Copying rule for the data below: pictures stay out, and only the lines from the one with "Youku 32 clip" down to the one with "Lodge Mint Green", inclusive, are repeated exactly.

#### INPUT

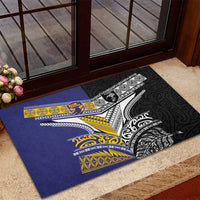 Rugby Niue and Aotearoa Rubber Doormat Hiapo with Maori Moko Tribal Heritage Tattoos LT03 - Polynesian Pride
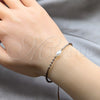 Sterling Silver Adjustable Bolo Bracelet, Ball Design, with White Pearl and Light Brown Crystal, Algodón, Silver Finish, 03.426.0064.1.07 (08 MM Thickness, 7 Inches Length)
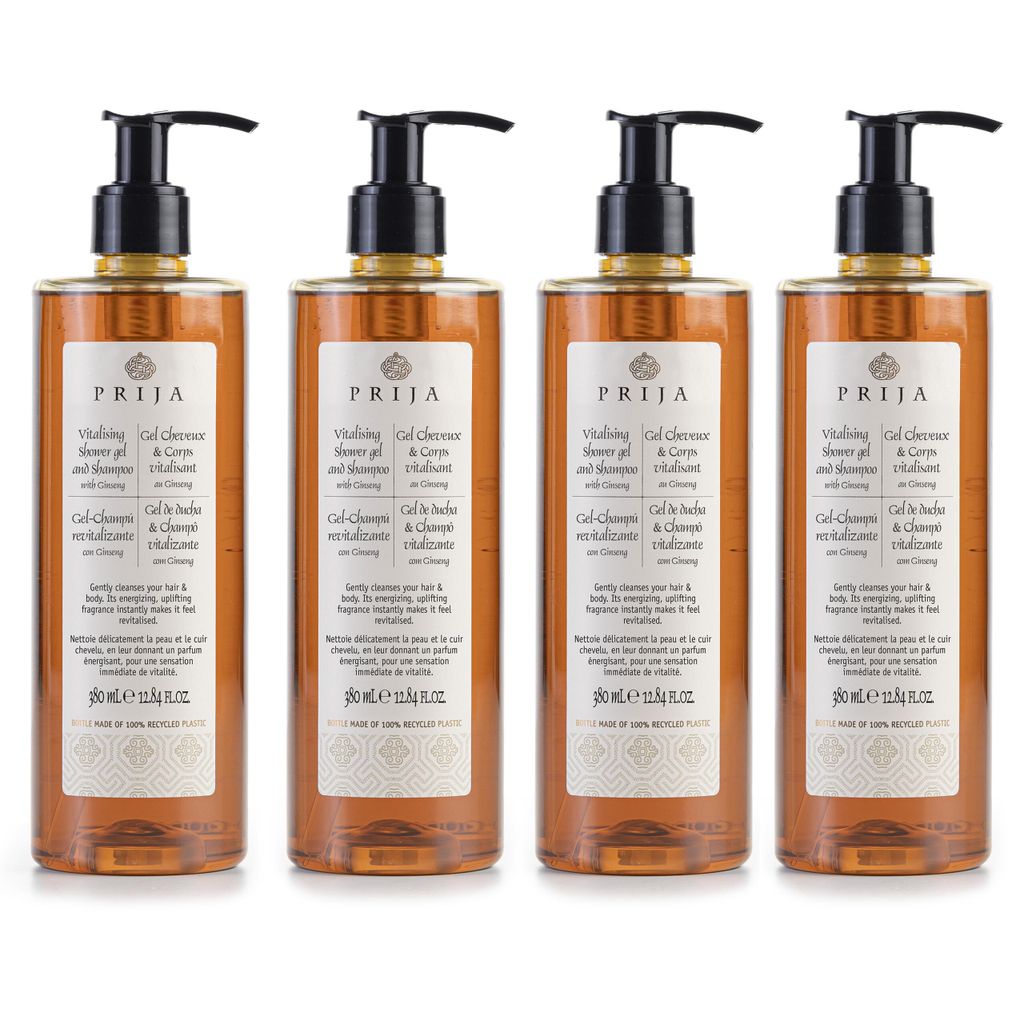 PRIJA flüssiges Shampoo/Duschgel Ginseng 4x380ml Produktbild 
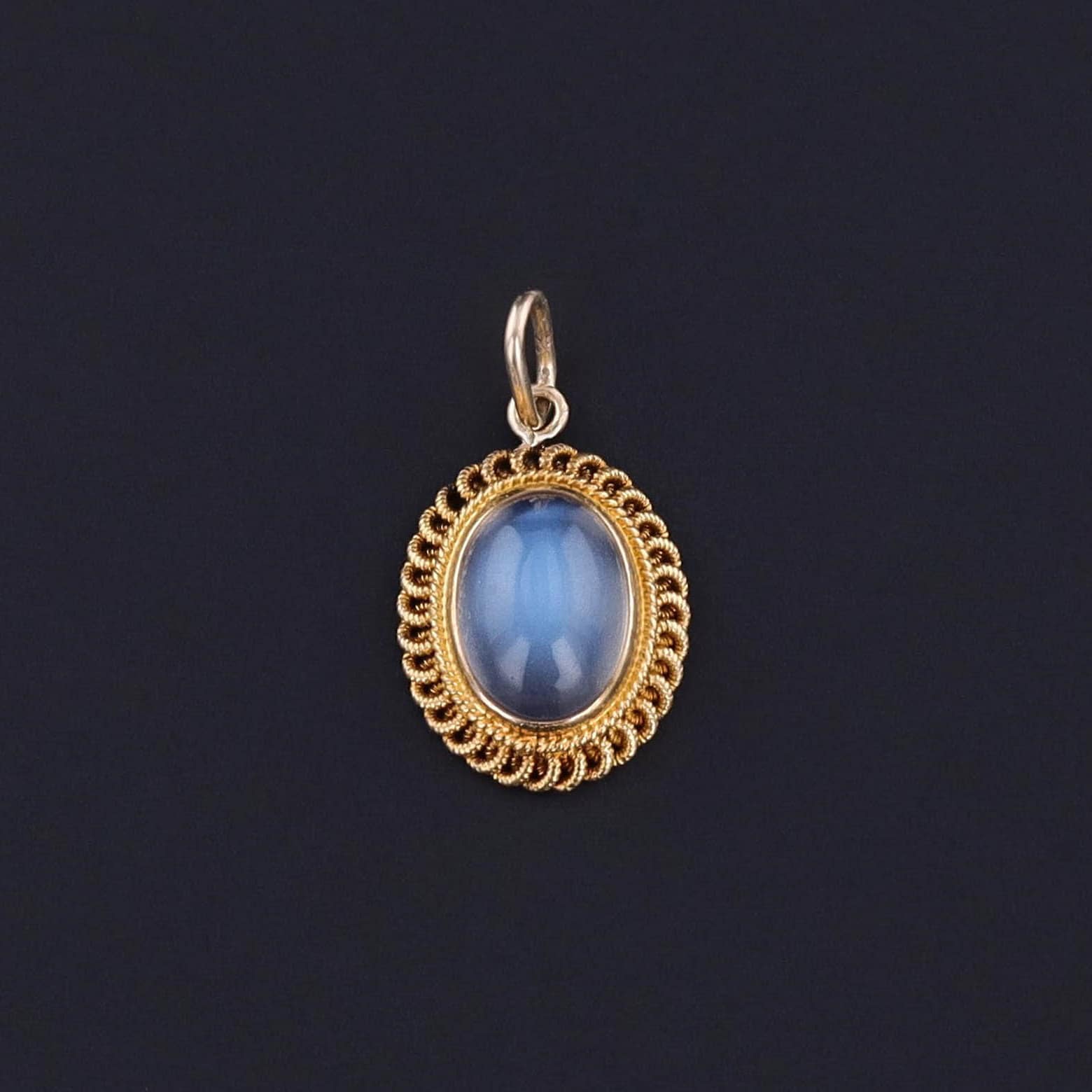 Antique Moonstone Charm of 14k Gold - Trademark Antiques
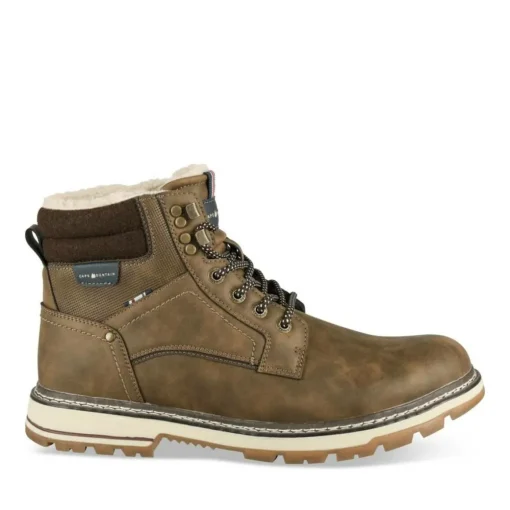 Bottines Fourré MARRON Homme Motif Uni Lacets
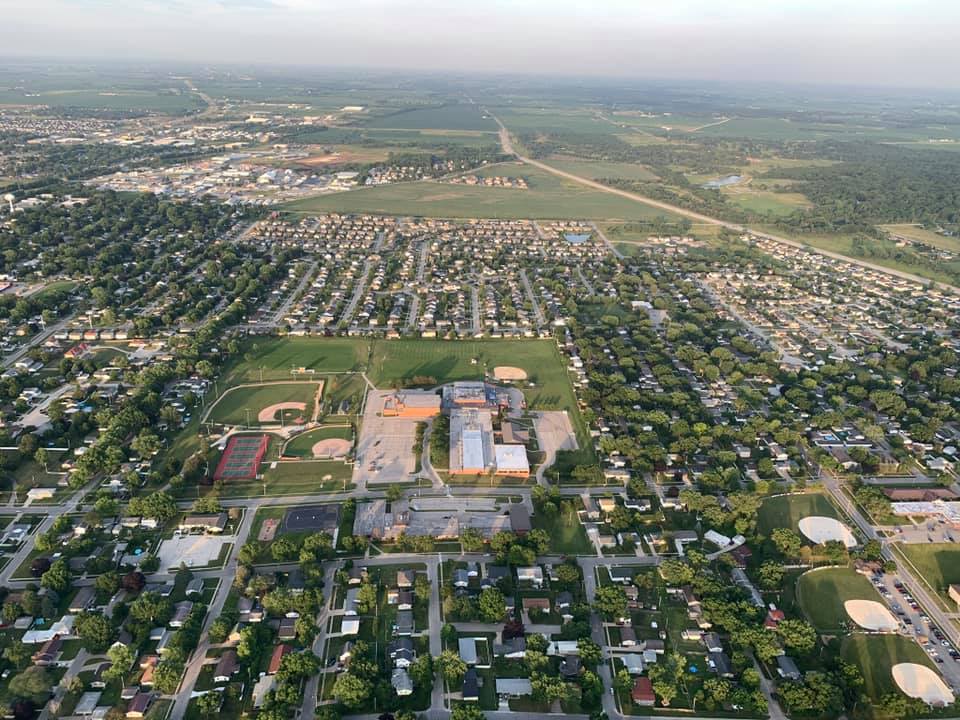 Last night training flight across Cedar Rapids.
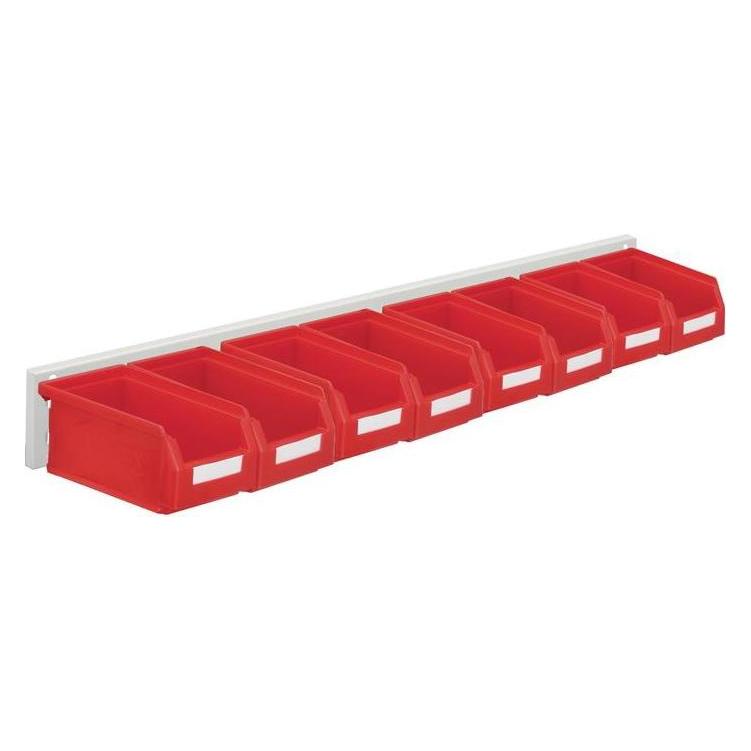 Rasterplan Sichtlagerkastenset H100xB920xT180mm Stahlblech/Polyethylen Kunststoffbeschichtung rot 8 x Gr. 7 rot (4202.52.5213)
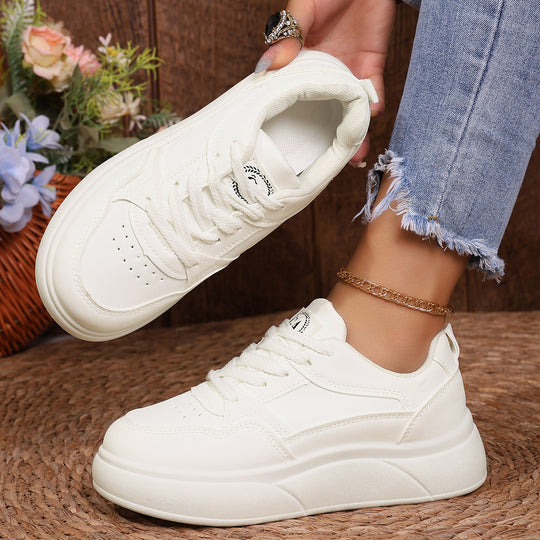 Damen Komfortable Sneakers mit dicker Laufsohle und modischem Design EB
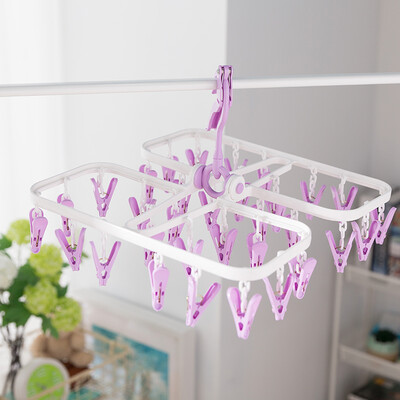 

Youku 32 clip folding hanger multi-function drying pants rack drying rack drying rack socks rack purple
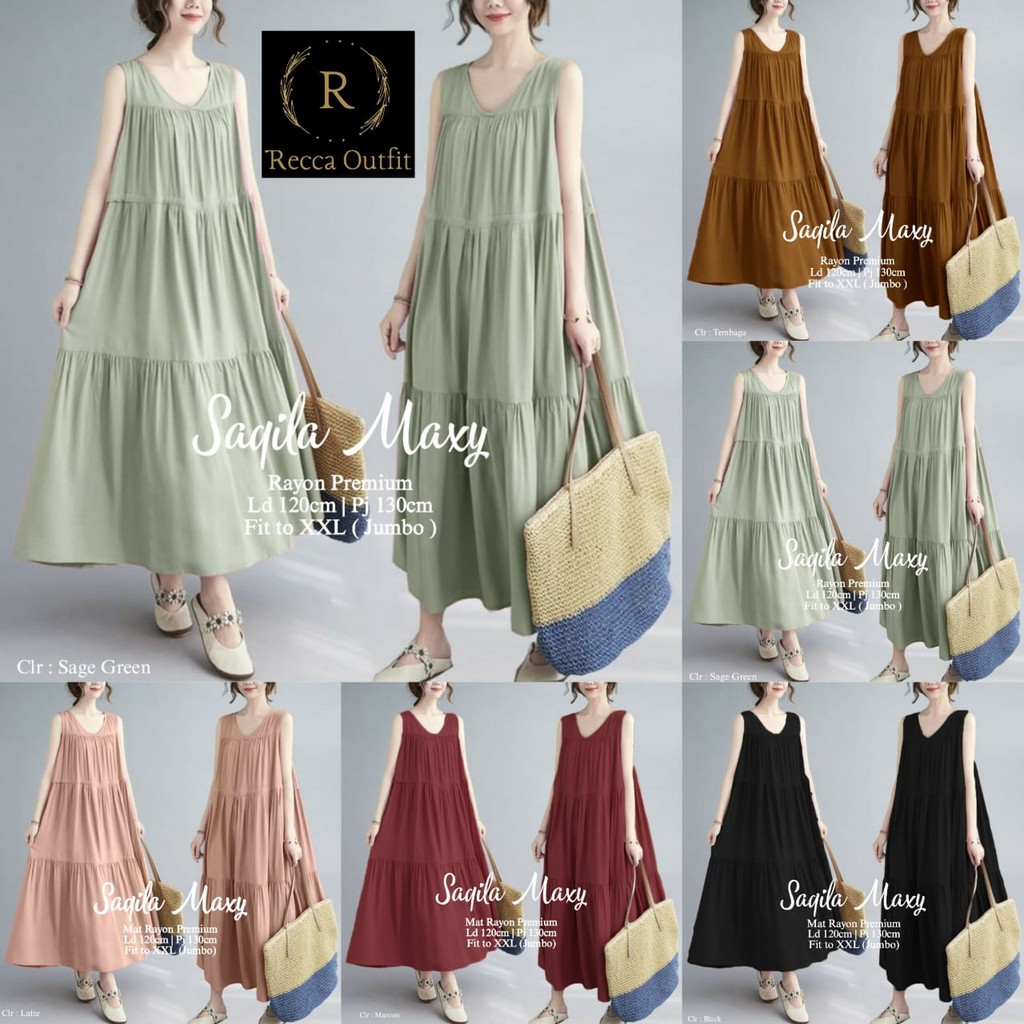 Saqila Maxi Gamis Putih Dress Lebaran Wanita Remaja Cantik Kekinian
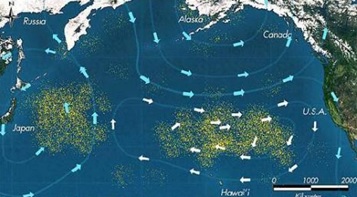 Plastic islands in the North Pacific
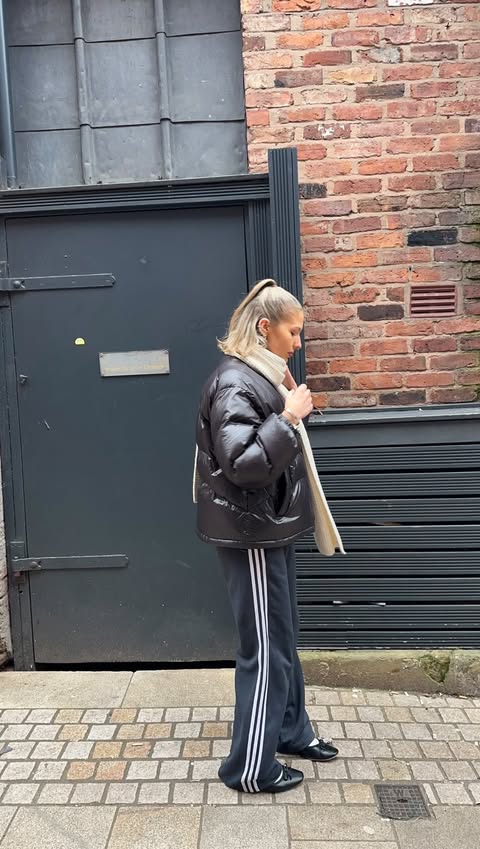 Instagram post by @halinapezcak for Cold Culture. Caption reads: styling the @coldculture cloud armor puffer back....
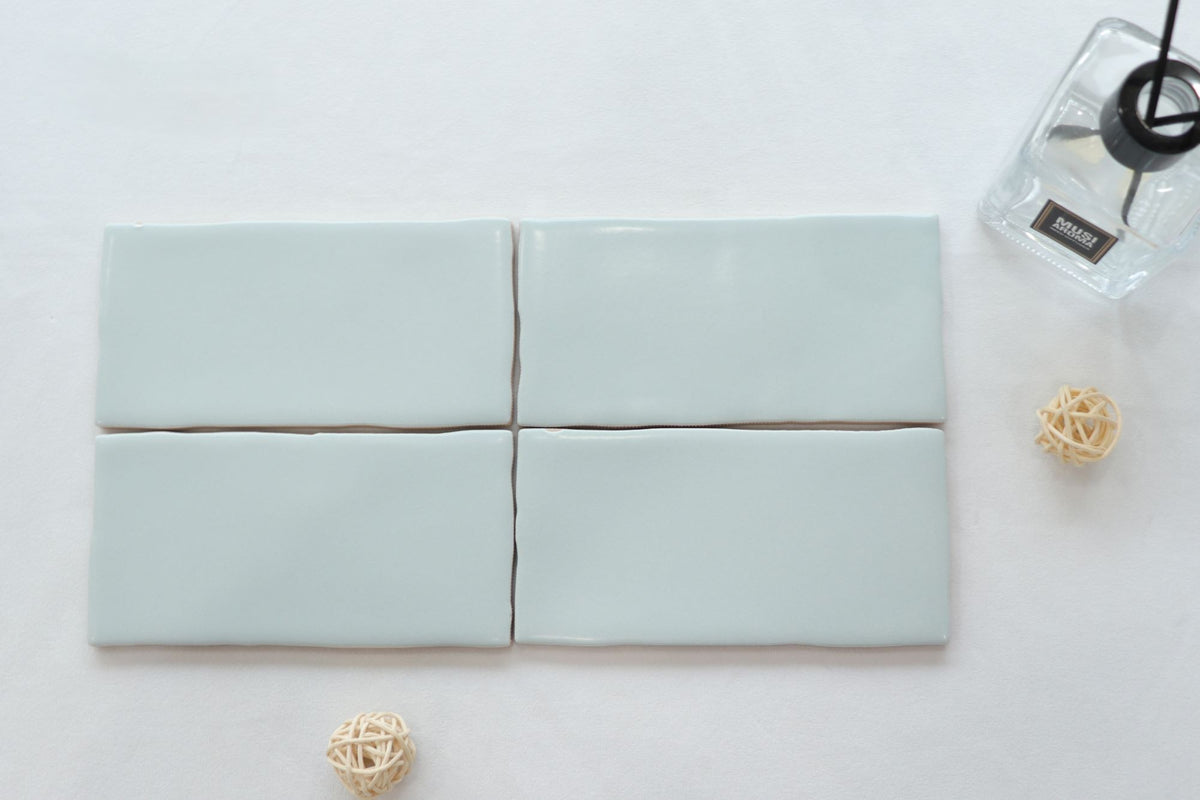 Lodge Mint Green Wavy Edge Matt Ceramic Subway Tiles in a room setting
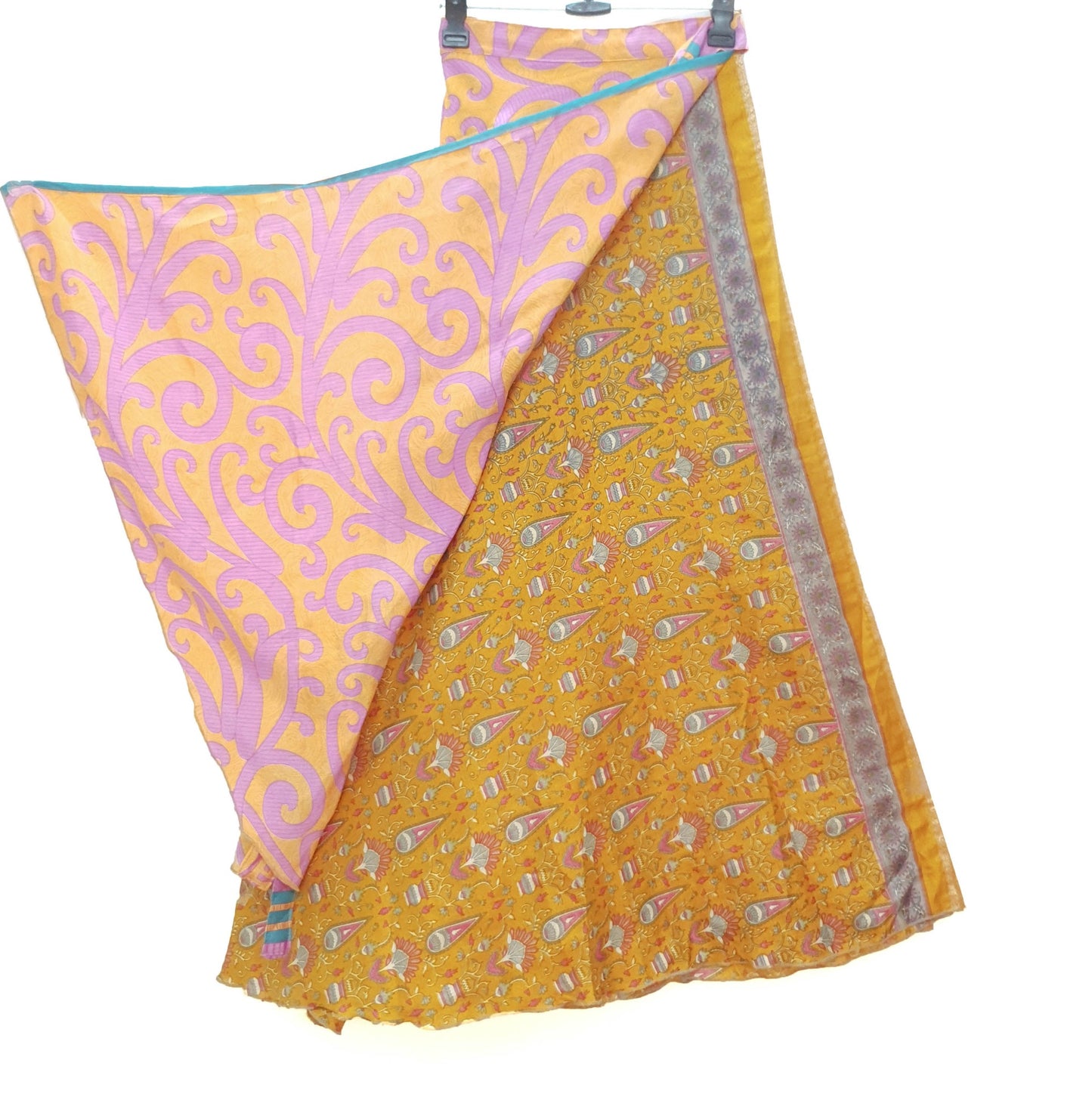 Sushila Vtg Bright Orange Silk Saree Magic Wrap Reversible Skirt Beach Dress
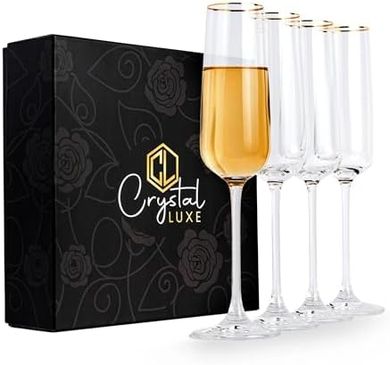 Luxe 24k Gold Crystal Champagne Flutes (Set of 4)
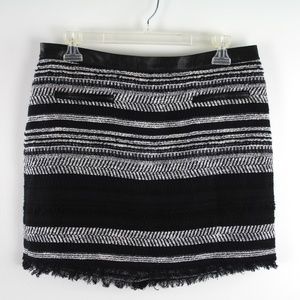 Rebecca Taylor Stripe Tweed Fringe Trim Mini Skirt Lamb Leather Trim 8 NEW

########

▶ _ANSWER AREA_:
Youku 32 clip folding hanger multi-function drying pants rack drying rack drying rack socks rack purple
 Saqila Maxi Gamis Putih Dress Lebaran Wanita Remaja Cantik Kekinian
 Plastic islands in the North Pacific
 Instagram post by @halinapezcak for Cold Culture. Caption reads: styling the @coldculture cloud armor puffer back....
 Lodge Mint Green Wavy Edge Matt Ceramic Subway Tiles in a room setting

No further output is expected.